* _Exercise_
Pictures aside, please retype the whole listing word for word.
Exercise data Block Start
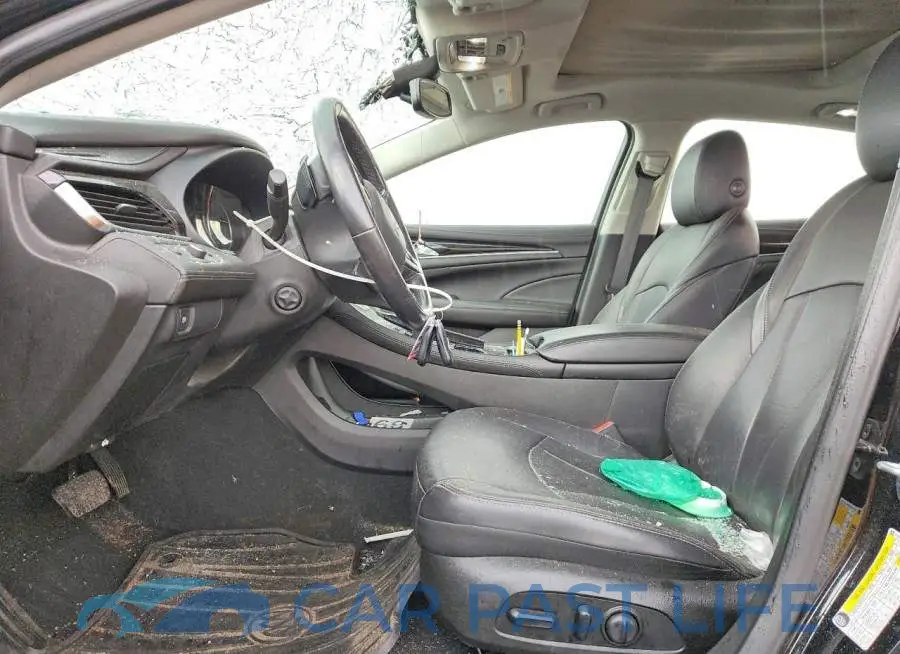 1G4ZR5SS6KU123284# 7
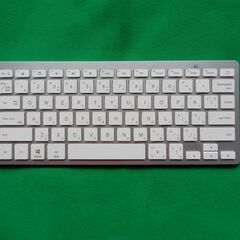 ワイヤレスキーボードの画像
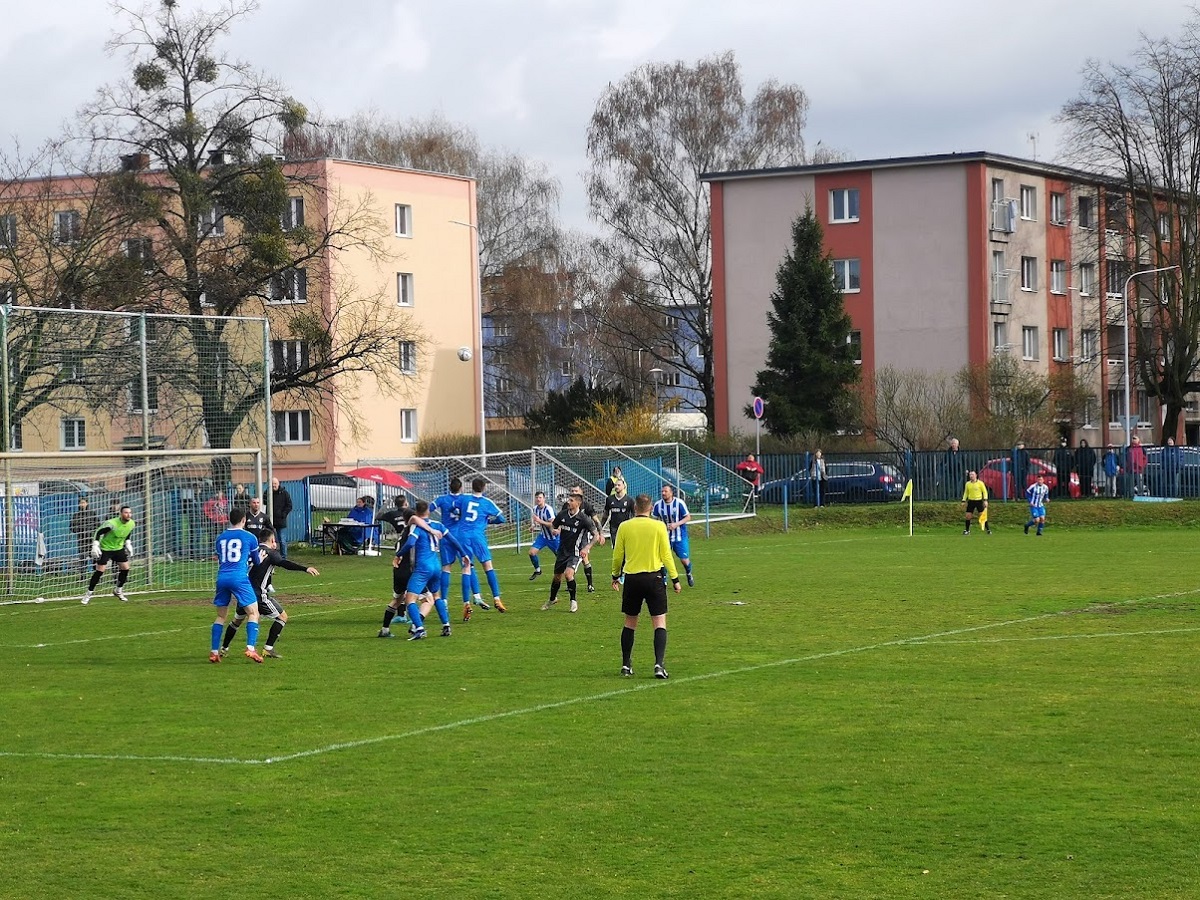 RYCHLÉ VEDENÍ A JASNÁ PŘEVAHA, PŘESTO DRAMA AŽ DO KONCE: VÍTKOVICE - DĚTMAROVICE 2:1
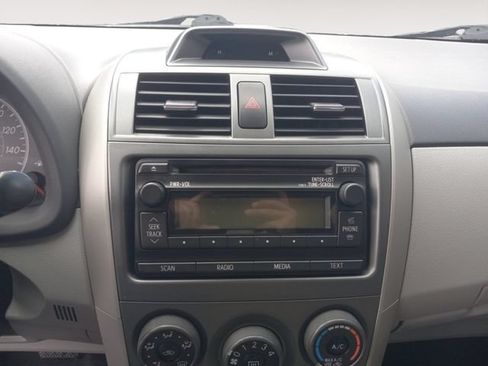 Used 2012 Toyota Corolla LE FWD image 14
Exercise data Block End
* _Task solution_
 1G4ZR5SS6KU123284# 7
 ワイヤレスキーボードの画像
 RYCHLÉ VEDENÍ A JASNÁ PŘEVAHA, PŘESTO DRAMA AŽ DO KONCE: VÍTKOVICE - DĚTMAROVICE 2:1
 Used 2012 Toyota Corolla LE FWD image 14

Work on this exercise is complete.